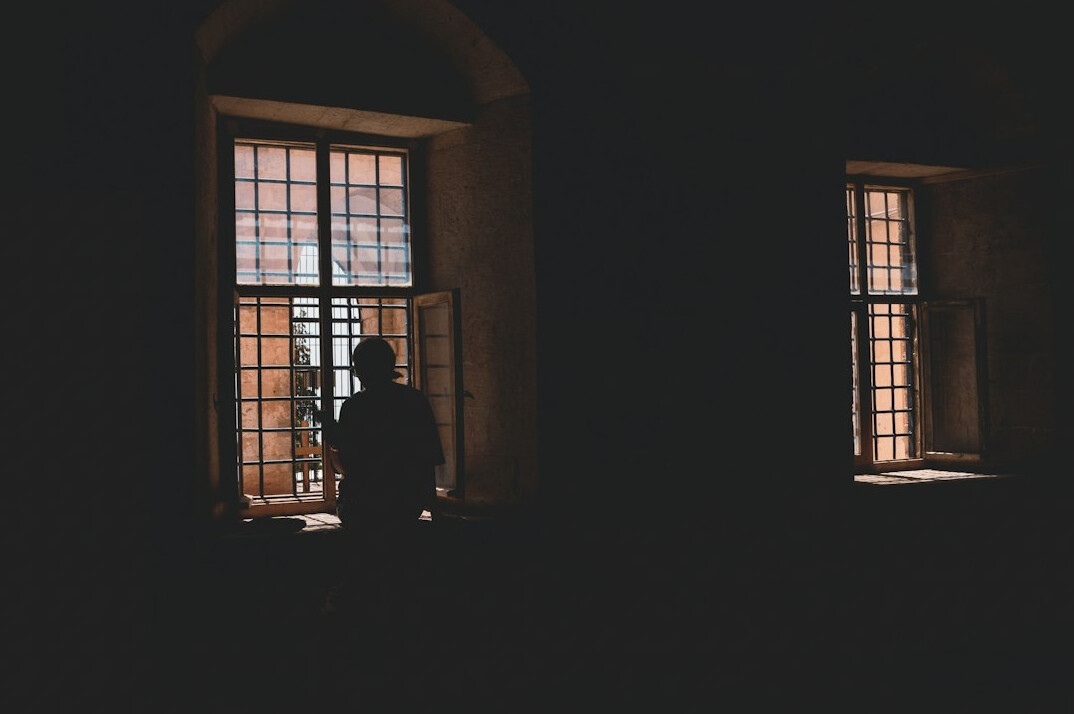 person looking out window at night
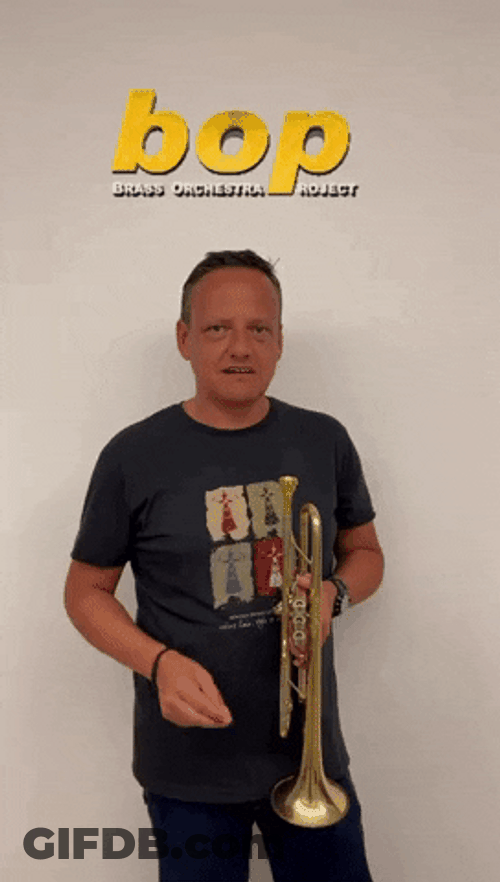 Man Holding Brass Orchestra Instruments Notti Bop GIF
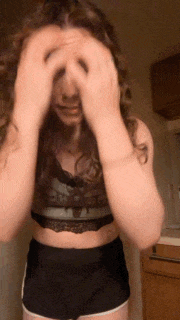 a woman in a crop top and shorts covering her eyes with her hands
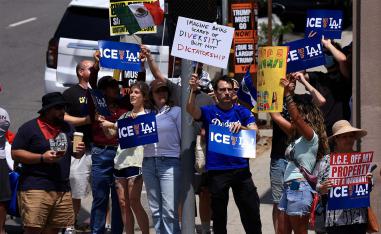 Dodgers fans protest against the US Immigration and Customs Enforcement (ICE) and federal immigration sweeps  in Los Angeles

→ Brief
Output all the material verbatim, skipping every image.

→ Answer to this exercise
 person looking out window at night
 Man Holding Brass Orchestra Instruments Notti Bop GIF
 a woman in a crop top and shorts covering her eyes with her hands
 Dodgers fans protest against the US Immigration and Customs Enforcement (ICE) and federal immigration sweeps  in Los Angeles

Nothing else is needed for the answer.